D&O - DISGORGEMENT: DON'T SAY IT, UNLESS YOU MEAN IT

In a decision that may well be further appealed to the highest appellate court in New York, an intermediate appellate court ruled in favor of insurers in J.P. Morgan Securities Inc. v. Vigilant Ins. Co., Index No. 600979/09, Supreme Court, Appellate Division, First Department (NY, Decided December 13, 2011). A copy of the decision can be accessed here. [JP Morgan.pdf].

The coverage dispute here arose from late trading and market timing claims asserted against Bear Stearns, now part of J.P. Morgan Securities. The claim at issue was a settlement between Bear Stearns and the SEC in which Bear Stearns agreed to pay $160 million in “disgorgement” and $90 million in civil penalties. Coverage, or lack thereof, for the civil penalty portion of the settlement was not discussed in the Court’s Opinion.

With regard to the disgorgement amount, it was memorialized in an Administrative Order entered into by Bear Stearns with the SEC. Although the Order clearly identified the $160 million amount as disgorgement, Bear Stearns argued that it could not be in light of the fact that revenue to Bear Stearns from late trading and market timing conduct totaled only $16.9 million, about a tenth of the disgorgement amount.

In what might be fairly characterized as the right decision for the wrong reason, the Court found that “Bear Stearns knowingly and affirmatively facilitated an illegal scheme which generated hundreds of millions of dollars for collaborating parties and agreed to disgorge $160,000,000 in its offer of settlement.” Thus, there is at least on some level an intellectual disconnect in that Bear Stearns would appear to be disgorging other people’s (“the collaborating parties”) money.
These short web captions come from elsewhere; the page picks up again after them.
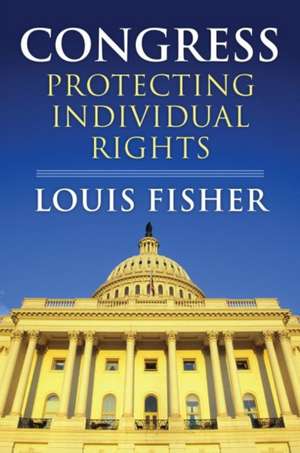 Congress: Protecting Individual Rights de Louis Fisher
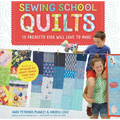 Sewing School (R) Quilts: 15 Projects Kids Will Love to Make; Stitch Up a Patchwork Pet, Scrappy Journal, T-Shirt Quilt, and More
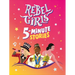 Rebel Girls 5-Minute Stories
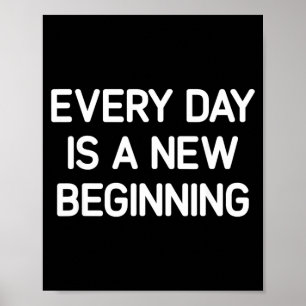 Every Day Is A New Beginning Inspirational Life Poster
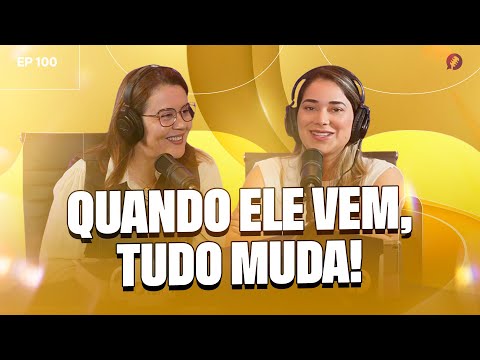 EP.100 | DEUS VAI TE PEGAR: EPISÓDIO ESPECIAL SOBRE O ESPÍRITO SANTO - SIZELY BRITO - #MapaCast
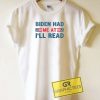 Biden Had Me At Ill Read Tee Shirts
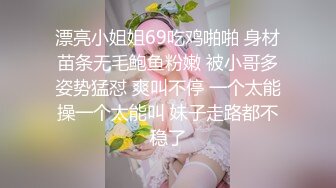 漂亮小姐姐69吃鸡啪啪 身材苗条无毛鲍鱼粉嫩 被小哥多姿势猛怼 爽叫不停 一个太能操一个太能叫 妹子走路都不稳了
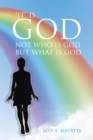 "It" Is God : Not Who Is God but What Is God - eBook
The Court does not explain how one disgorges what it has not in fact received, but instead looks to “benefit” received by Bear Stearns in facilitating the underlying transactions.
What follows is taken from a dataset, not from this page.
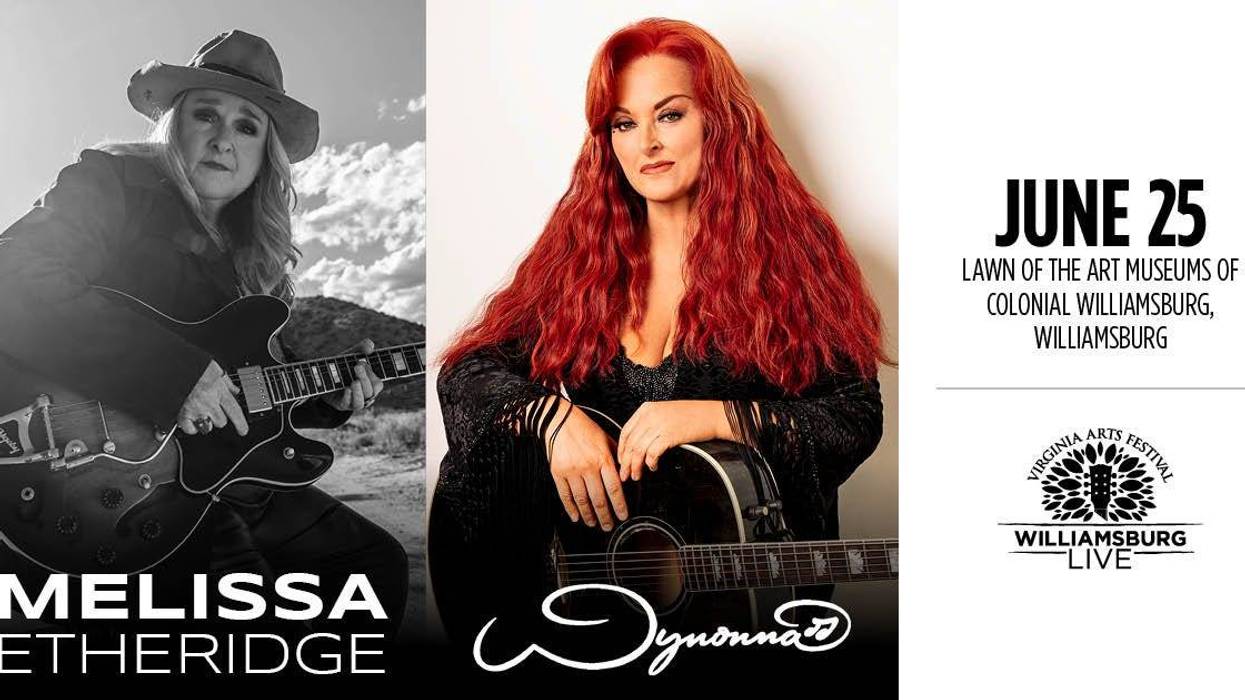 Melissa Etheridge and Wynonna Judd, with special guest Maggie Rose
The policies at issue contained both personal profit exclusion triggered by an “in fact” finding and a dishonesty exclusion triggered by final adjudication. The insurers also argued that the settlement was not insurable loss as a matter of law. 

Although the Court did not explicitly address each of the exclusions, it did note that the SEC had found Bear Stearns misconduct to be “willful” in several respects. This begs the question as to why the SEC did not, as it and the New York Attorney General did in so many other market timing and late trading investigations and prosecutions, insist that Bear Stearns not seek indemnification or insurance coverage for the disgorgement or penalty components of the settlement.
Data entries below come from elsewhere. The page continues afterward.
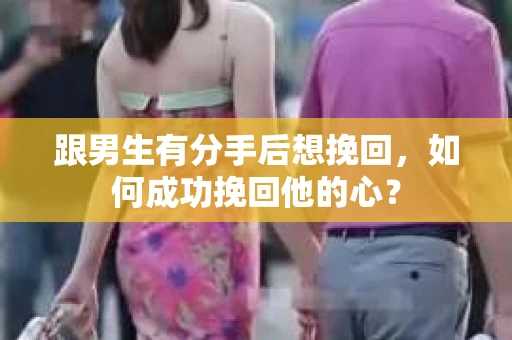 跟男生有分手后想挽回，如何成功挽回他的心？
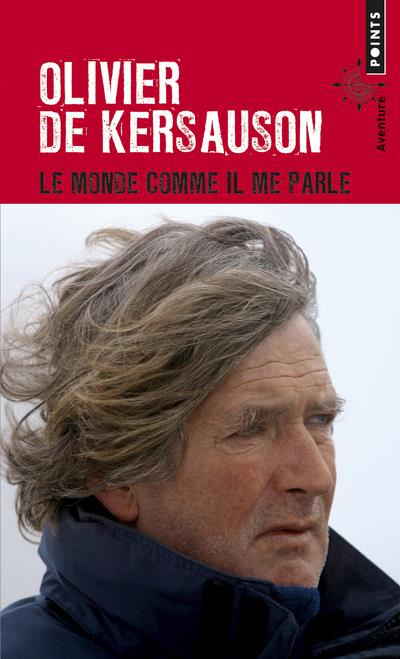 kersauson-olivier-de-le-monde-comme-il-me-parle_0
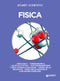 Fisica::Meccanica - Termodinamica -  Acustica e ottica -  Elettromagnetismo - Fisica atomica e nucleare - Teoria della relatività - Fisica delle particelle e dei sistemi complessi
Thus, it seems that the SEC could have done a better job of deterring the type of conduct at issue here and assuring that Bear Stearns remained financially responsible for its misconduct. That being said, the Court appears to have decided this case correctly, albeit its reasoning could be subject to legitimate skepticism and further appeal.

E&O - California - Insurer Successfully Rescinds Despite Insured's Avoidance of Responding to Warranty Statement on Application

In a brief decision addressing a number of coverage issues but, most importantly, rescission, a California court allowed rescission of an E&O policy and granted the insurer summary judgment despite the insured’s protestations that no misrepresentations were made by virtue of its non-response to certain application questions. The Upper Deck Co. v. Endurance American Specialty Ins. Co., USDC, S.D. Cal. (Decided December 15, 2011). Click here for a copy of the decision.

The underlying litigation brought against the insured was based upon allegations of trademark infringement, counterfeiting and unfair competition. Prior to settlement, the parties in that underlying action stipulated to a finding of willfulness with regard to the counterfeiting at issue.

The insurer took the position that it was entitled to rescission of one of the two policies it issued to the insured because the insured failed to disclose prior claims experience. The insured took the position that there was nothing to disclose, as it was not the subject of a “claim” until after the policy incepted.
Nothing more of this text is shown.